Australians were shocked to read of 4 mosques across New Zealand being vandalised in the wake of the London bombings. But the way the debate on anti-terror laws is heading in Australia, it seems civil rights are the target of state-sponsored terrorism.
Leader of the Labor Opposition Kim Beazley announced a plan to enable police to cordon off entire suburbs before exercising extensive and expanded powers. These include existing powers to search and confiscate. They also include powers to round up and detain people on the basis of which suburb they reside or find themselves in.
Meanwhile, Prime Minister John Howard has introduced a raft of security laws designed to make Australians feel safer and avert a terrorist attack. His proposals will be detailed at a terrorism summit this week when he addresses State Premiers.
The new laws contain sensible measures including beefing up security at airports. They also include providing Federal Police power to fine and even imprison suspects refusing to hand over documents.
Effectively the new measures enable police to deem certain people terror suspects. Once so deemed, persons are required to hand over just about any document which may provide clues to a terrorist attack.
So are these laws targeting persons of a particular ethno-religious background? The answer can be found in the list or organisations which the government has proscribed as terrorist organisations. Without exception, the organisations are somehow related to Muslims or Islam.
Compare this to a similar list of proscribed organisations under United States law. In his excellent terrorism primer entitled Terrorism Explained – The Facts About Terrorism and Terrorist Groups, Australian National University academic Clive Williams has provided a full list of 36 groups proscribed under US law.

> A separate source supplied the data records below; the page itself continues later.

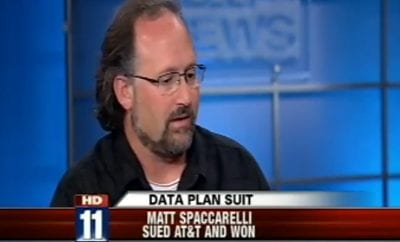 Matt Spaccarelli wins against AT&T small claims court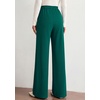 image:imagePRETTYGARDEN Wide Leg Pants Woman 2026 Spring Dressy High Waisted Business Casual Summer Flowy Work Palazzo Pants TrousersDark Green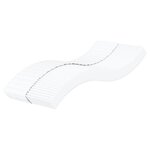 vidaXL Lit de jour avec matelas vert foncé 90x200 cm velours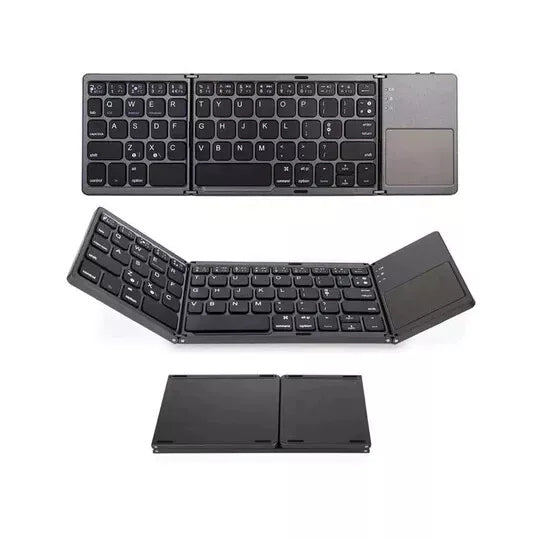 Compact Mini Folding Wireless Keyboard with Touchpad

The list is current as at 30 January 2003, and includes the Israeli Kahane Chai (Kach) movement, Basque group ETA and secular groups such as the Abu Nidal organisation, the Tamil Tigers and the Kurdistan Workers Party (PKK).
The Government insists that Federal Police and Australian Security Intelligence Organisation (ASIO) officers will exercise their powers with restraint and sensitivity. But Muslim Australian groups and civil libertarians are concerned about the implications of the laws for deemed terror suspects.
On August 28 2005, I had occasion to appear on the Channel Nine Sunday program’s Hypothetical moderated by Geoffrey Robertson QC. The scenario painted by Mr Robertson involved a possible terrorist attack coinciding with the Pope’s Visit for World Youth Day in 2007. A terror suspect is arrested and tortured.
The suspect provides interrogators with a tip-off that a terrorist will be attacking the pope using a machine gun and will appear from a certain government building. Police marksmen focus on the building and see someone who looks like a terrorist emerging from the building carrying what appears to be a gun. The suspect is shot dead.
On what basis was the person deemed a terrorist? In what way did he fit the terrorist profile? What makes the police think that the man looks like a terrorist?
Apart from Mr Robertson and myself, none of the panel saw any problem with the notion of a person having a certain appearance before being deemed a terrorist and treated accordingly. The panel included a judge, 3 senior politicians, police and intelligence officials, senior editors of mainstream media and a former State Governor.
As it turned out, the terror suspect was a contract cleaner from a local Australian family of Turkish background. His alleged weapon was in fact a vacuum cleaner. Yet the fact that a Turkish Australian whose family had probably been living in Australia since the 1960’s could be deemed a terrorist makes the new laws all the more frightening for local Muslims.
In an environment where no non-Muslim terrorist group has been proscribed, where Federal Government backbenchers are calling for headscarves to be banned and where police, politicians and the media make presumptions on a terrorist’s appearance, it seems Muslims and civil libertarians have every reason to be worried.
But it isn’t just observant or practising Muslims who may be targeted. Two examples will illustrate this. In both cases, names and details have been changed to protect anonymity.
Jane never met her Indonesian Muslim father. Despite growing up in Brisbane with her Dutch mother, she retained her distinctly Indonesian Muslim surname, an abbreviation of a common Arabic surname. Jane has brown skin and black hair.
Sita has dark brown skin and European features. Her mother is Indian Hindu and her father is Anglo-Australian. Sita has often been confused for being Pakistani, Lebanese or Iranian.
If either Jane or Sita had been the person walking out of the building carrying a vacuum cleaner, they would have equal chance of being profiled by police marksmen and shot dead.
Arab and Muslim names and culture have permeated almost every aspect of Australian life. The Governor of New South Wales Professor Marie Bashir shares a surname with an Indonesian imam believed to be responsible for the 2002 Bali bombings. Yet popularly held ignorance about ethno-religious differences and similarities and the lack of safeguards for civil liberties in proposed laws does give Muslim Australians reason to be alert and alarmed.
The author is a Sydney lawyer whose practises in employment and human rights law.